The MTA’s Imposing Achievements

This article is from the archive of The New York Sun before the launch of its new website in 2022. The Sun has neither altered nor updated such articles but will seek to correct any errors, mis-categorizations or other problems introduced during transfer.

The New York Sun

A strange structure is throwing its weight around West 54th Street between Eighth and Ninth avenues. Something medieval about its massiveness suggests the fortified keep of a castle or, better still, the Aurelian Wall in Rome. At certain times of the day, though, it has been known to assume the dour aspect of a quiescent dinosaur.


Go in there, if you happen to be in the neighborhood, and ask the guard what building this is. He will look you over several times, assess the situation, and then inform you that he is not at liberty to say. If you are lucky, someone in a less official capacity who has overheard will take you aside and allow that this is part of the MTA, but he will say nothing more.


At that point, if you put two and two together and have the patience to pursue the matter online, you will learn that here, for the first time, you are looking at a “centralized control center” for the entire New York City subway system.


“We shape our buildings,” Churchill once said, “and then our buildings shape us.” If the inmates of the building seem surly, it is tempting to believe that something of the architecture itself has rubbed off on them. If ever a building scowled, if ever it sought to belittle, intimidate, and overawe the hapless pedestrian, this is it.


What is even stranger, though, it that this is one of the better-looking, or at least more imaginative, buildings to rise in Manhattan in the past few years. A thin solitary ribbon of window, running the length of this broad, flat building, appears to be crushed between the anvil of its red-brick base and the hammer of its more prominent upper stories, clad in an uncertain material of gunmetal gray.


This section, like the brick base, is striated with horizontal lines that also run the length of the building and that recall the garb that convicts wore in former years. Meanwhile, the roof has a thin catwalk that looks for all the world as though it should be manned by a swat team.

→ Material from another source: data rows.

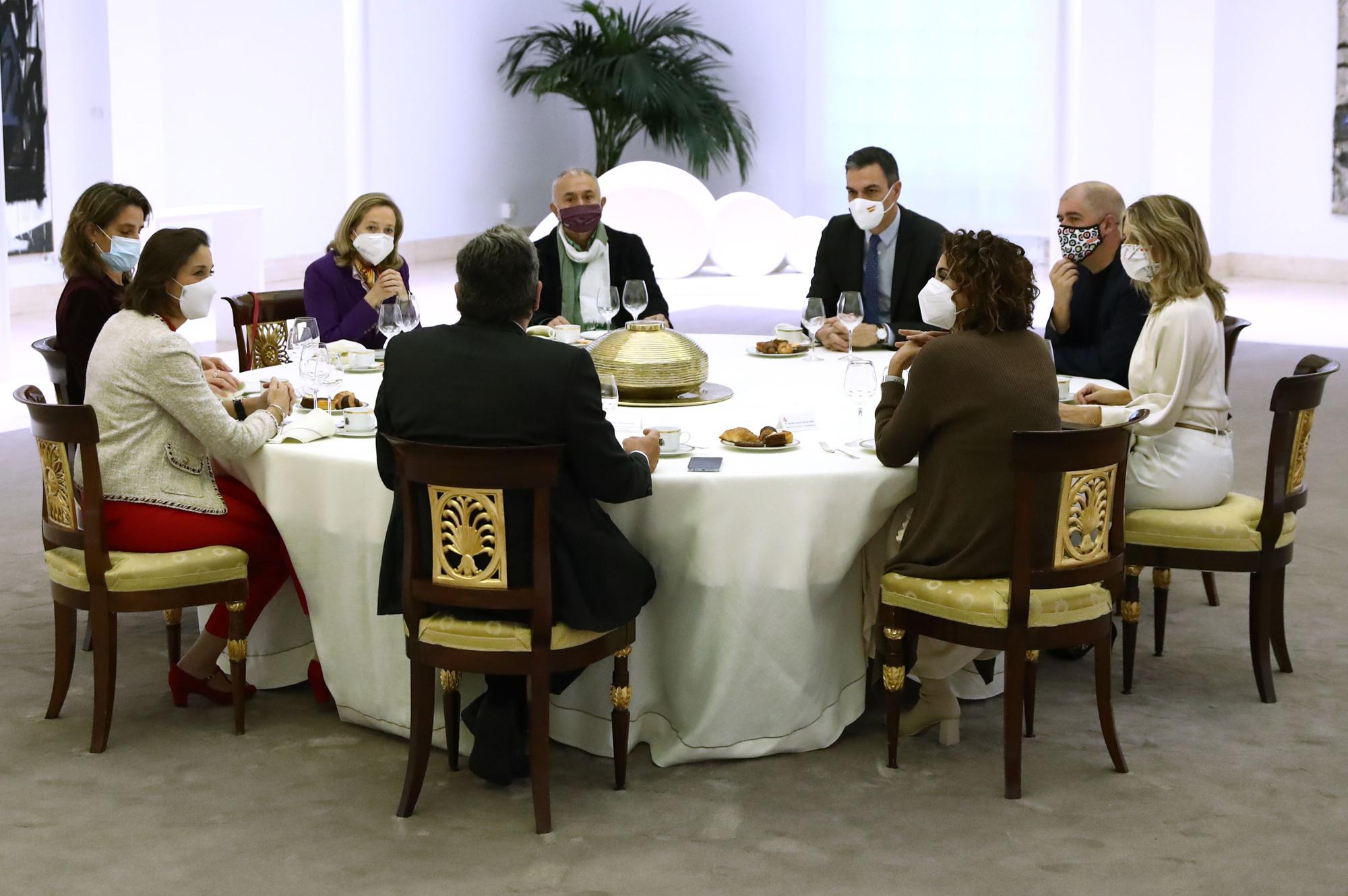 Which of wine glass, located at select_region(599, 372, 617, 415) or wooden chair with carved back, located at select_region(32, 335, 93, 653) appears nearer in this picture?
wine glass, located at select_region(599, 372, 617, 415)

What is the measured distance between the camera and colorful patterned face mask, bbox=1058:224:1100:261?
4.62 meters

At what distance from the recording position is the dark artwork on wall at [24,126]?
10969 mm

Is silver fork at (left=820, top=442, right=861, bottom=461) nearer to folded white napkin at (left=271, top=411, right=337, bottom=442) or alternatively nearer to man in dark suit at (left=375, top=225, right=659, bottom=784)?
man in dark suit at (left=375, top=225, right=659, bottom=784)

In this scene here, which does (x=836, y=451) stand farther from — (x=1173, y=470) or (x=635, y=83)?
(x=635, y=83)

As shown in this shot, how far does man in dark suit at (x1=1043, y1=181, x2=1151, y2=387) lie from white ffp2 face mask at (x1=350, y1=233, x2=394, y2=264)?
2208mm

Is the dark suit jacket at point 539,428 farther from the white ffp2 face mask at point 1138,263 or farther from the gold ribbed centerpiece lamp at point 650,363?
the white ffp2 face mask at point 1138,263

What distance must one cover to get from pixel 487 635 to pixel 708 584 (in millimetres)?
552

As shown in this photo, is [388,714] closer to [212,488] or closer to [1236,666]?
[212,488]

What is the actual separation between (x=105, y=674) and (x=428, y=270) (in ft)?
35.1

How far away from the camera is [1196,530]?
156 inches

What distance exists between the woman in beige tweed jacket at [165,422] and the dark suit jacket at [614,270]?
1.87 meters

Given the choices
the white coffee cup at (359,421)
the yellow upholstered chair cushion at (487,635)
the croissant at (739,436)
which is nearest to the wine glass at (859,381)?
the croissant at (739,436)

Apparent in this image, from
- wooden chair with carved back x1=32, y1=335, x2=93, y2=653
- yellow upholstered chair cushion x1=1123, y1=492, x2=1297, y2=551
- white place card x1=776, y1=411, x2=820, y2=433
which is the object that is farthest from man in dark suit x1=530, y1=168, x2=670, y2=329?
yellow upholstered chair cushion x1=1123, y1=492, x2=1297, y2=551

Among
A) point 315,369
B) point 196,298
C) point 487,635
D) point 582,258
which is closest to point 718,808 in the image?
point 487,635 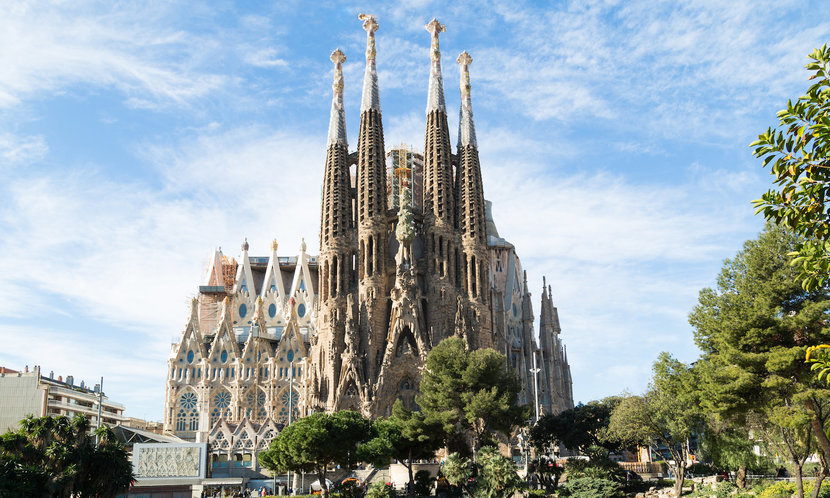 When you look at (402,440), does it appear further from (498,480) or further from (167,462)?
(167,462)

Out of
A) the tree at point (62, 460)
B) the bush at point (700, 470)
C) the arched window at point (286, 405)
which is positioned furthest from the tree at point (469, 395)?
the arched window at point (286, 405)

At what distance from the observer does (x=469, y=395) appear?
4128cm

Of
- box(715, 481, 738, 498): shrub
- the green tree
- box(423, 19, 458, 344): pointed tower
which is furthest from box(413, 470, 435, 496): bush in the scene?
box(423, 19, 458, 344): pointed tower

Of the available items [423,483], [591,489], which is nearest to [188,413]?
[423,483]

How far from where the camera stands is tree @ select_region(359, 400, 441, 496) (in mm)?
34969

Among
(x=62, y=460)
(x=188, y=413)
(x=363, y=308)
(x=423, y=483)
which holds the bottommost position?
(x=423, y=483)

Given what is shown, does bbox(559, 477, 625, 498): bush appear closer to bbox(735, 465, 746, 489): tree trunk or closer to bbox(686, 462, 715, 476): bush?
bbox(735, 465, 746, 489): tree trunk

Who dreamed up this building? And why, when so much mediocrity is built in Manhattan by preening developers without an ounce of taste, should this structure, whose entire point is to deflect attention, have turned out to be as prepossessing as it is? On neither account, despite my calls to the MTA press department, was I able to learn anything worth knowing.


Yet the mystery deepens. For some of the better Manhattan construction over the past year has been the architecture of infrastructure. And, in a context in which we must make the most of every grace-note we have, it is remarkable that despite the much talked-about interest in architecture that is newly abroad in the land, so few people have been paying attention.


Take, for example, the new facing on the Battery Parking Garage, a massive hunk of infrastructure at the base of Manhattan Island, under the jurisdiction of the Triborough Bridge Tunnel Authority. In the history of architecture, it is unlikely that custom-extruded aluminum louvers, set into a continuous grille system, have ever looked quite as dapper as this. So much so that one is apt to feel a little disappointed to learn that they have been pressed into the service of what is nothing more than a glorified six story garage.


As it is, infrastructure types tend to be a fairly sober-sided bunch, and the main benefit of this snazzy design, as enunciated on an official Web site, is the heady prospect of “sight-screening and static ventilation.” But that in no way minimizes the drama of this irregularly shaped greenish building, which is attached to a dreary, Moses-era structure of tawny brick that constitutes the hell mouth of the Brooklyn Battery Tunnel. The architect of this project, heretofore unknown to me, goes by the name of Urbitran Associates Inc., and specializes in such infrastructural work.


Another example of fine infrastructure is the new bus depot on Lexington and 100th Street. For this project the Pernini Corp. – better known (to those who have heard of it at all) for its casinos in upstate New York and its oil derricks in Iraq – has created a mighty attractive building, as bus depots go. This massive, four-square, four-story box occupies an entire city block, from Lexington all the way to Park. Clad in red brick, it still seems very light, thanks to a huge curtain wall of mullioned glassed along the facade, as well as the tasteful use, once again, of glass brick along the sides.


This project was greeted with understandable dismay when first announced a few years back. I can remember seeing it go up, and though I did not know its intended function, initially I found it auspicious that such an important structure would be built in a generally less affluent neighborhood. I was surprised, then, to learn that it was to be nothing more than a bus depot.


Bus depots do absolutely nothing for the neighborhoods in which they are placed. For that reason they tend to go up in neighborhoods that are vaguely seen as marginal or unimportant – one reason so many of the locals were dismayed by its arrival. Far better use, surely, could have been made of this block of real estate, whose invitation to gentrification in the past few years has been dealt a setback by the new depot.


Yet, though this will surely be small comfort to the locals, the depot looks about as good as anyone could possibly have hoped. And perhaps we should not be surprised by the high level of design attained by some of our least imaginative magistracies. The Port Authority tapped Santiago Calatrava for its new transit hub at Ground Zero, and that structure bids fair to be the most beautiful thing in Lower Manhattan.